Reproduce the entries that follow exactly, dropping each image.
[INFORMATION SHOWN]
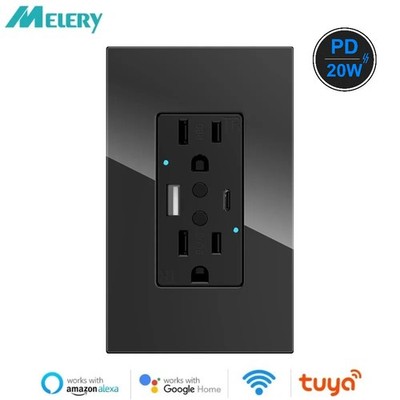 Melery Tuya Wifi Wall Socket USB TypeC Charge Receptacle Alexa Google Home Smart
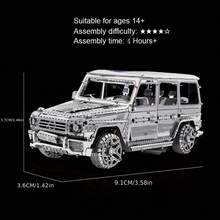 3D金属拼装模型DIY不锈钢扣拼图跑车卡丁车越野车模型无需胶水生日礼物装饰摆件 - 交通工具3 - 查看 4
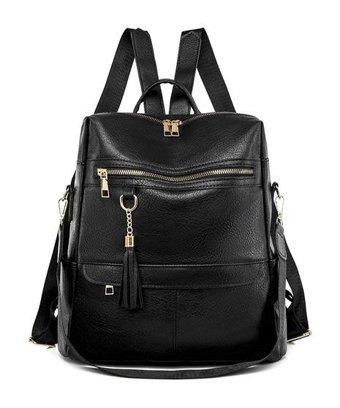 Worryfreeshopping Retro Pu Bag9963 Siyah Kadın Sırt Çantası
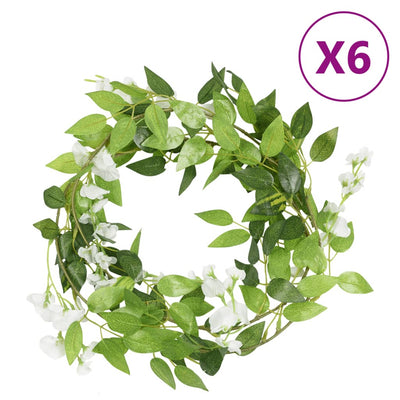 VidaXL Kerstslingers met bloemen 6 st 200 cm wit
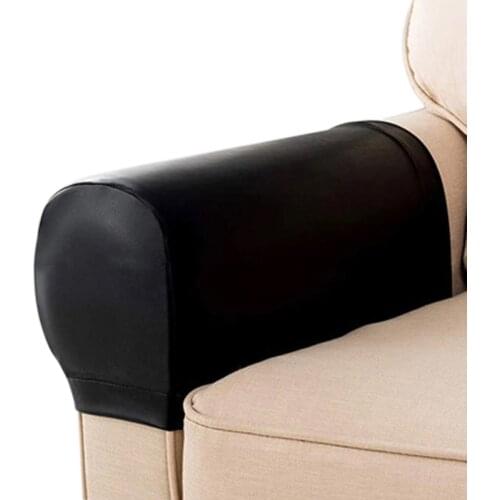 Sofa Armchair Arm Covers Dustproof Waterproof Stretch PU Leather Arm Caps Waterproof Sofa Slipcovers Protectors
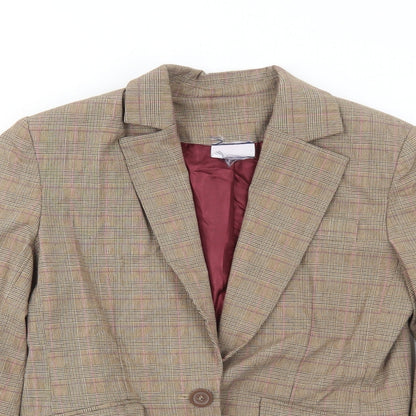 Preworn Womens Brown Plaid Polyester Jacket Blazer Size 10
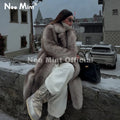 Iconic Girls Brand Fashion Maxi Faux Fur Coat Women Winter 2026 Thick Fluffy Fox Fur Jacket Chic Street Style Overcoats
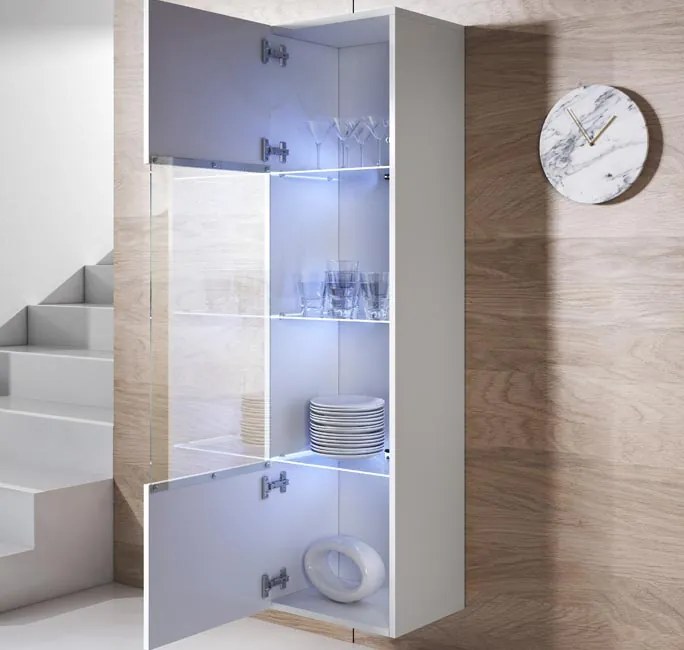 Vitrine Suspensa Rialba – Branco – 40x29x165 cm – Com LED Azul e Prate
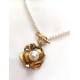 COLAR FLOR COM PÉROLAS - AÇO INOXIDÁVEL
[/INFORMATION SHOWN]
● RESULT OF THIS EXERCISE:
 Melery Tuya Wifi Wall Socket USB TypeC Charge Receptacle Alexa Google Home Smart
 3D金属拼装模型DIY不锈钢扣拼图跑车卡丁车越野车模型无需胶水生日礼物装饰摆件 - 交通工具3 - 查看 4
 Worryfreeshopping Retro Pu Bag9963 Siyah Kadın Sırt Çantası
 VidaXL Kerstslingers met bloemen 6 st 200 cm wit
 Sofa Armchair Arm Covers Dustproof Waterproof Stretch PU Leather Arm Caps Waterproof Sofa Slipcovers Protectors
 Preworn Womens Brown Plaid Polyester Jacket Blazer Size 10
 Iconic Girls Brand Fashion Maxi Faux Fur Coat Women Winter 2026 Thick Fluffy Fox Fur Jacket Chic Street Style Overcoats
 Vitrine Suspensa Rialba – Branco – 40x29x165 cm – Com LED Azul e Prate
 COLAR FLOR COM PÉROLAS - AÇO INOXIDÁVEL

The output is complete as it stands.